§ WHAT TO WORK ON
Make an exact copy of the lines from the one containing "Grand Skylight International" through the end of the records below, and leave out every picture.

§ PROVIDED DATA
════════════════════

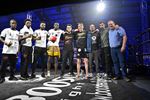 Spetterend kickboksgala Tornado Gym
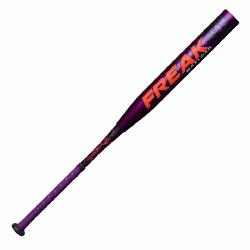 reak Maxload provides a massive 14” long barrel with an increased sweetspot, delivering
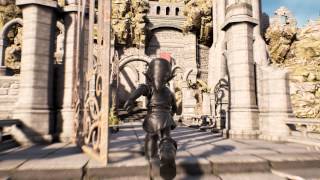 Dx12 Demo Unreal Engine 4 Zelda Windows 10 By Cryzenx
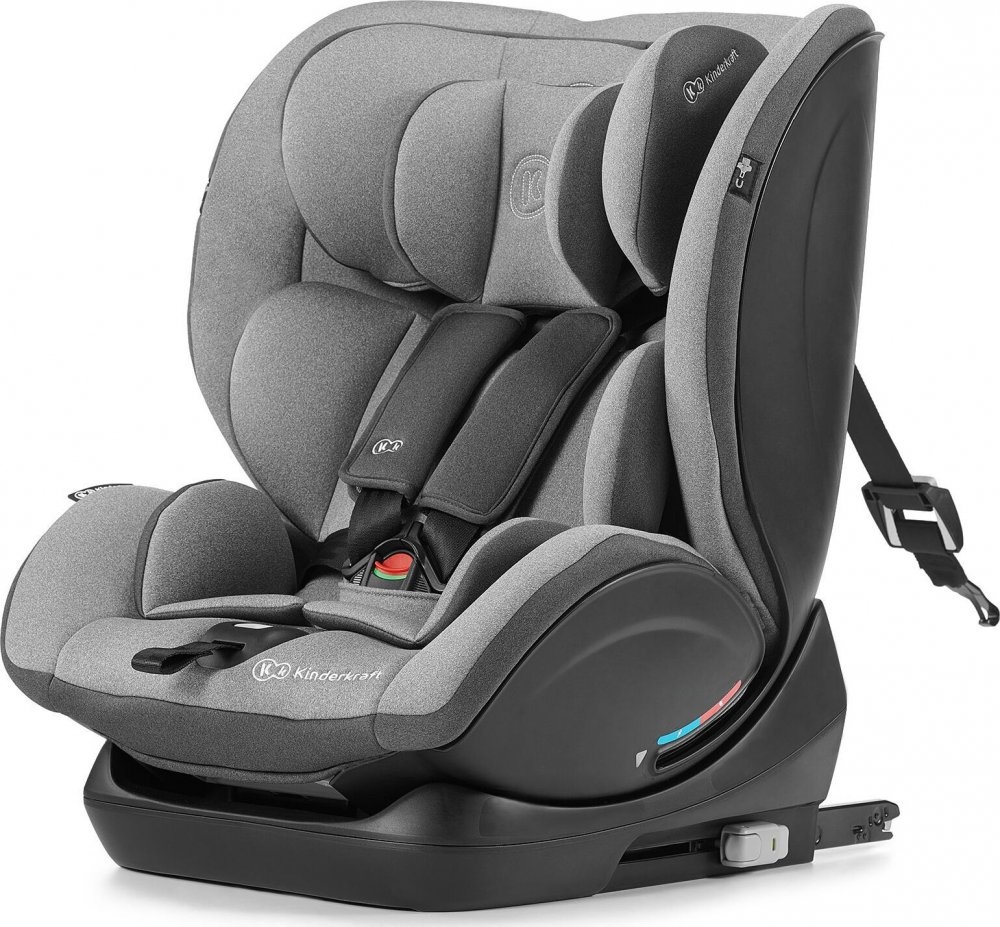 Kinderkraft MyWay Isofix 2020 grey

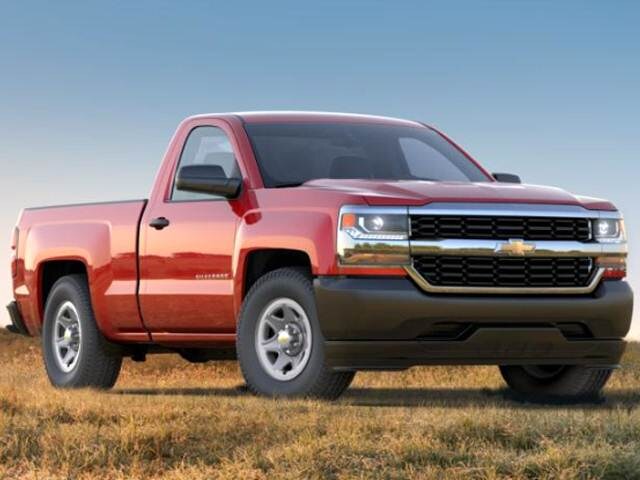 Most Popular Trucks of 2016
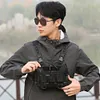 Climbing Camping Backpack Large Capacity Travel Vest Backpack for Outdoor Sports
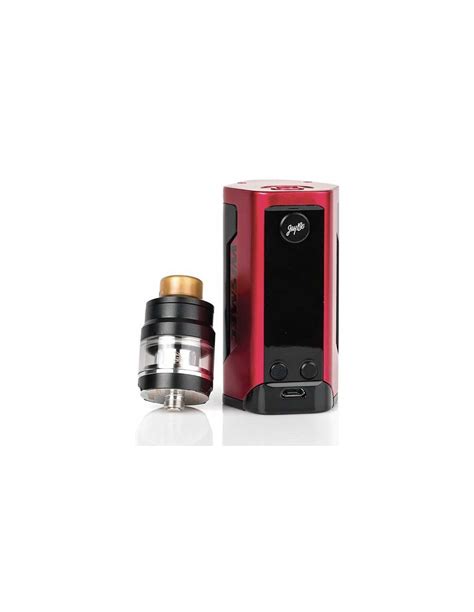 Wismec Kit Reuleaux RX3 GEN3 Con Gnome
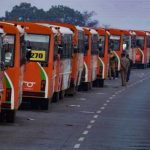 Svetový rekord v počte autobusov v kolóne drží India
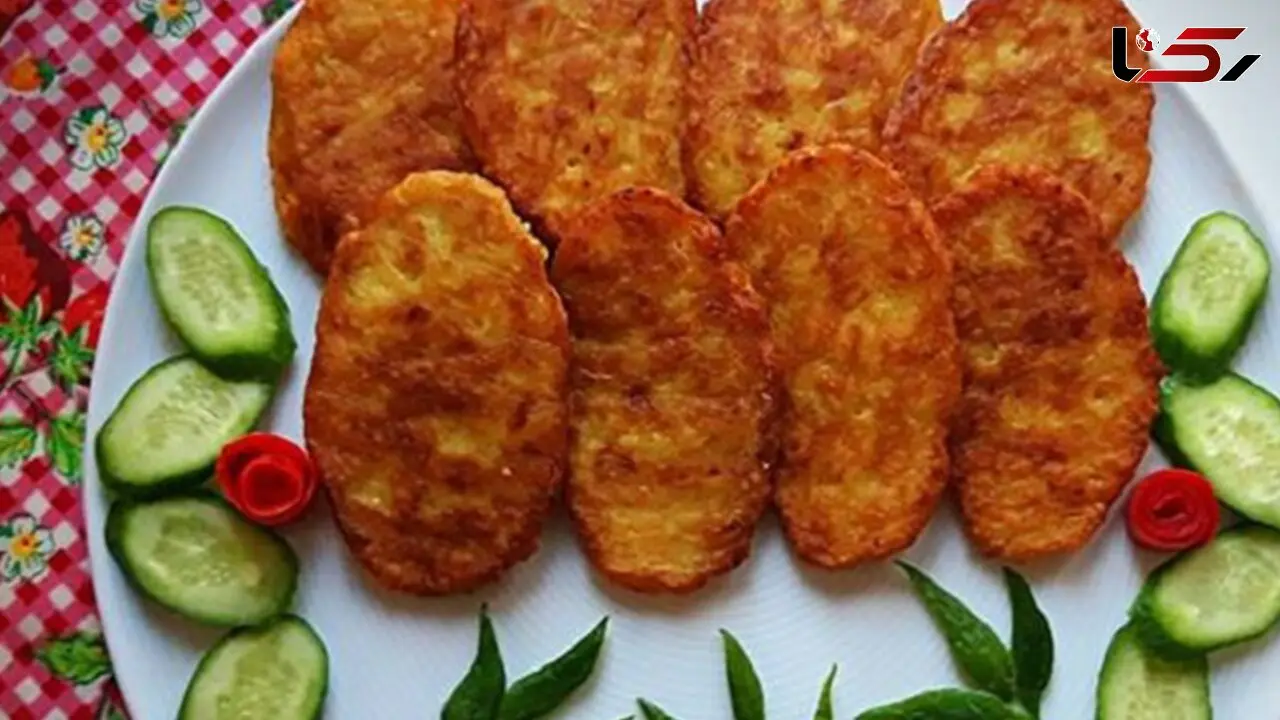 فیلم / کوکو سیب‌زمینی متفاوت با  طعمی متفاوت
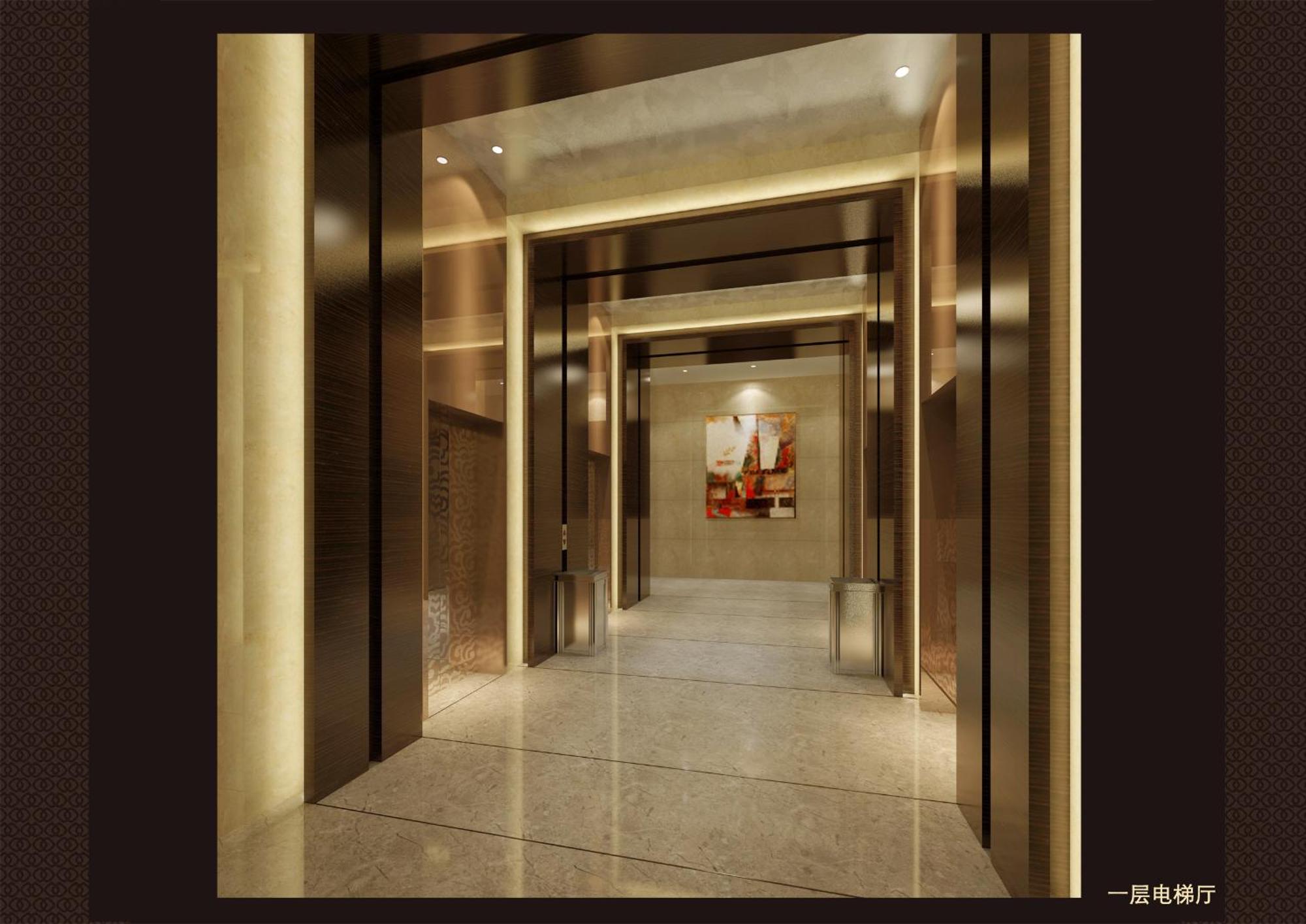 Grand Skylight International Hotel Ganzhou Chang Zhen Avenue Εξωτερικό φωτογραφία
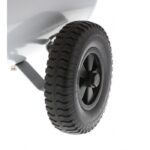 Sprężarka spalinowa dwutłokowa BM 50/410 (Honda GP160) 10 bar 4.8 KM/3.6 kW 247 l/min 50 l Airpress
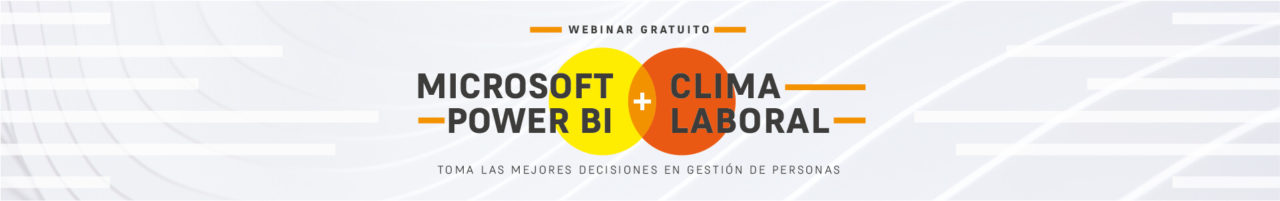 Power BI Clima Laboral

════════════════════

§ RESULT BELOW
 Grand Skylight International Hotel Ganzhou Chang Zhen Avenue Εξωτερικό φωτογραφία
 Sprężarka spalinowa dwutłokowa BM 50/410 (Honda GP160) 10 bar 4.8 KM/3.6 kW 247 l/min 50 l Airpress
 Power BI Clima Laboral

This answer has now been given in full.